Tragedia en Piendamó: accidente en parapente dejó dos muertos en zona rural de Cauca

Hace 1 hora

Un grave accidente en parapente en la vereda Farallones, zona rural de Piendamó, Cauca, dejó dos personas muertas en uno de los escenarios más usados para este deporte en la región. El caso reabre preguntas sobre la seguridad y los controles en actividades de alto riesgo.

Dos personas murieron tras un accidente en parapente registrado en la vereda Farallones, en la zona rural de Piendamó, Cauca, un lugar ampliamente conocido por ser uno de los principales puntos de práctica de este deporte en la región. La tragedia golpea precisamente a un escenario que suele atraer aficionados por sus condiciones geográficas y por las corrientes de viento que, según se ha reportado en la zona, lo hacen especialmente atractivo para volar.

De acuerdo con lo informado por Infobae Colombia, el hecho ocurrió en un sector donde el parapente no es una actividad ajena ni esporádica, sino parte del paisaje recreativo y deportivo del municipio. Esa popularidad, sin embargo, contrasta con el desenlace fatal que dejó dos víctimas mortales y volvió a poner bajo la lupa los riesgos asociados a este tipo de prácticas, incluso en lugares considerados idóneos por las condiciones naturales. Por ahora, la información disponible apunta a que se trató de un accidente grave en medio de una actividad que depende tanto de la experiencia del piloto como del comportamiento del clima.

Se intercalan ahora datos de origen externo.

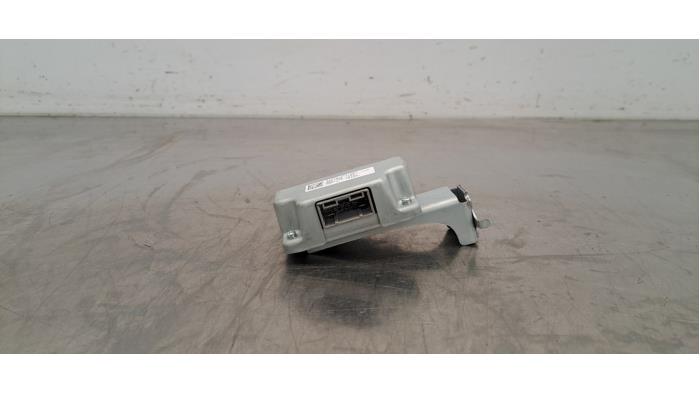 DC/CD convertisseur Honda Civic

El caso importa más allá del hecho puntual porque expone una realidad que suele pasar inadvertida hasta que ocurre una tragedia: los deportes aéreos en Colombia se desarrollan muchas veces en entornos rurales sin que el público conozca con claridad qué protocolos de seguridad existen, qué tanto se supervisan o cuáles son las exigencias técnicas para operar en zonas de alta afluencia. En territorios como Cauca, donde el turismo de aventura convive con carreteras difíciles, limitada presencia institucional y riesgos asociados al terreno, cada accidente termina recordando que la belleza del paisaje no elimina la vulnerabilidad de quienes se lanzan al aire. Si las autoridades y los operadores no revisan con rigor los controles, la popularidad de estos destinos puede convertirse en una falsa sensación de seguridad.

Más allá del impacto local, esta emergencia deja una pregunta incómoda sobre la cultura de prevención en actividades extremas en Colombia. Mientras Piendamó y la vereda Farallones siguen siendo referentes para el parapente, la muerte de dos personas obliga a mirar con seriedad qué medidas de verificación, capacitación y respuesta inmediata existen cuando un vuelo recreativo termina en desastre. En lugares donde el turismo de aventura crece sin pausa, la línea entre experiencia y tragedia puede ser demasiado delgada.